Comparing Figure 7 with Figure 8 unconfined compressive strength values increase and slaking decrease from 20% to 60 -65% sand.

Figure 9 reveals the development of liquid limit values of clay mixtures.

According to literature clayey soils with liquid limit less than 40% and plasticity index less than 18% are stabilized successfully by using economical amounts of cement (Godin, 1962) and giving an ultimate unconfined compressive strength value of 1754 kN/m2 (acceptable limit in Britain) after 7 days of curing.

The above mentioned soils, pass the erosion tests successfully (material loss 7 – 14% in 12 cycles of Freezing and Thawing or Wetting and Drying test as described in ASTM D560 – 03 and ASTM D559 – 03 respectively).

Means and Parcher (1963), Croft (1968) suggest that soils with large liquid limits (>60%) and plasticity indices (>25%) invariably contain expansive clay minerals such as montmorillonite and react with large amount of cement.

Figure 10 shows the influence of sand and bentonite on the development of unconfined compressive strength of clay mixtures.

The above results indicate that the greater is the amount of sand the higher is the strength (bearing capacity).
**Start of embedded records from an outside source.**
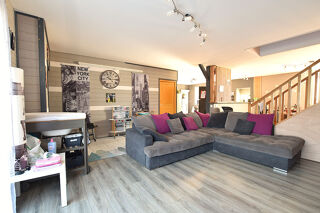  Maison à vendre 7 pièces 151 m²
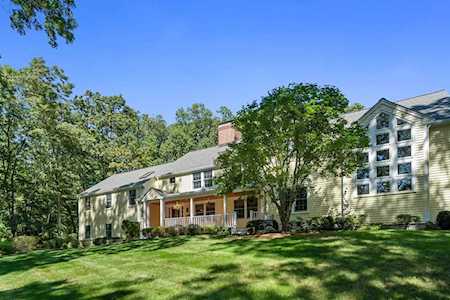 45 Three Ponds Rd Wayland, MA 01778
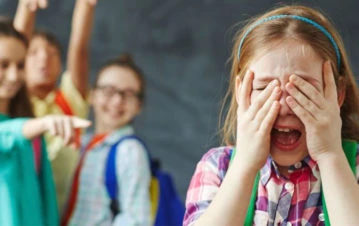 "La sociedad desde todos sus ámbitos debe dar respuestas efectivas e inmediatas al bullying"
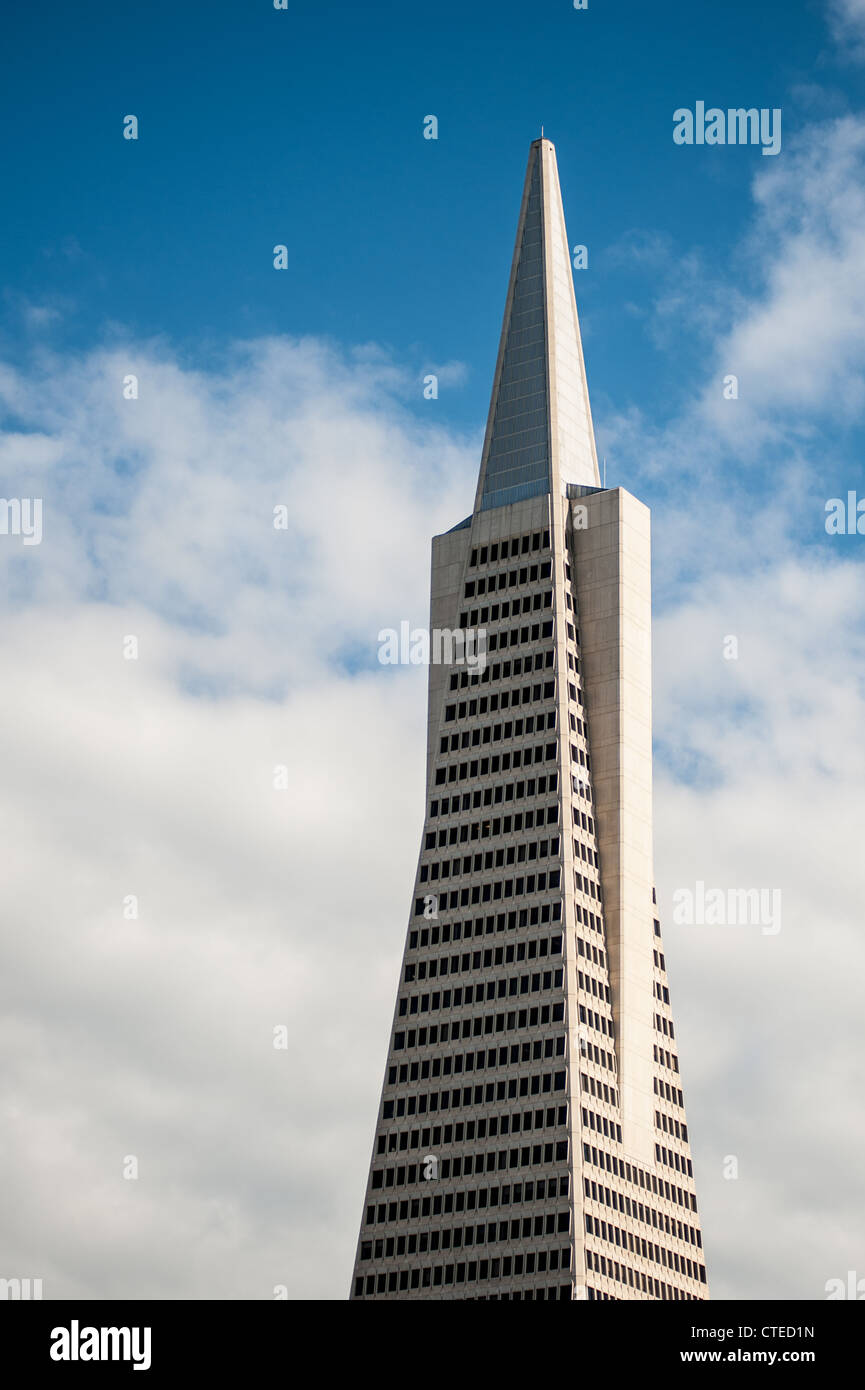 Financial Pyramid Hi res Stock Photography And Images Alamy la-classe-de-monsieur-mizrahi-3e-march-2019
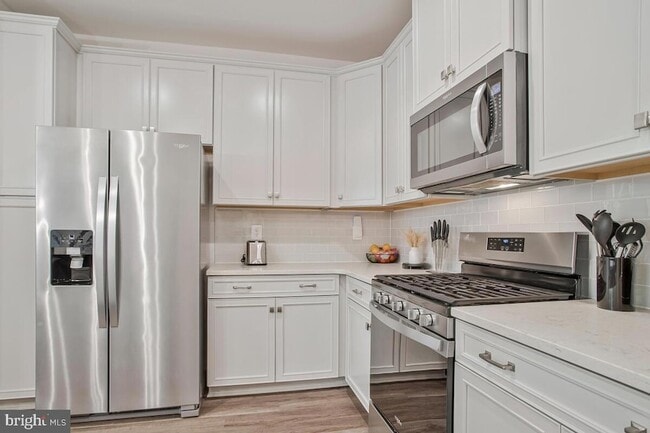 Photo - 4515 Reaney Ln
Figure 7. Development of unconfined compressive strength of clay-sand mixtures treated with 4% cement, compacted at 95% and cured for 28 days

Also this figure shows that the increase of bentonite content decreases strongly the values of strength.

Figure 11 shows the strong influence of bentonite content on slaking values. These sections indicate that the greater is the amount of bentonite the higher is the slaking.

It seems that the amount of sand has a contradictory effect on slaking in relation to unconfined compressive strength (Koncagül and Santi, 1999), from 0% to 20% of sand the strength increases (Figure 10) and slaking increases (Figure 11), this could be attributed to the high amount of kaolin. Therefore the higher the percentage of kaolin the larger the number of contacts on grain – kaolin and the greater the amount of cement needed to develop strong bonds for enough durability. It is obvious that 4% cement is not enough to control slaking in cement stabilized clay mixtures containing 0 – 20% sand, 0 - 30% bentonite and kaolin.

The sections of Figure 12 revealed the strong influence of bentonite and kaolin on liquid limit values, the higher is the amount of bentonite and kaolin the higher is the liquid limit.

By comparing the triangular diagrams of Figures 7, 8, 9 with Figures 10, 11, 12 an area of clay – sand mixtures, with LL£40%, showed maximum cement stabilization effect, between 20% and 60-65% of sand and bentonite content less than 15% exhibiting high strength values between 2800 – 6200 kN/m2 and slaking less than 60% approximately.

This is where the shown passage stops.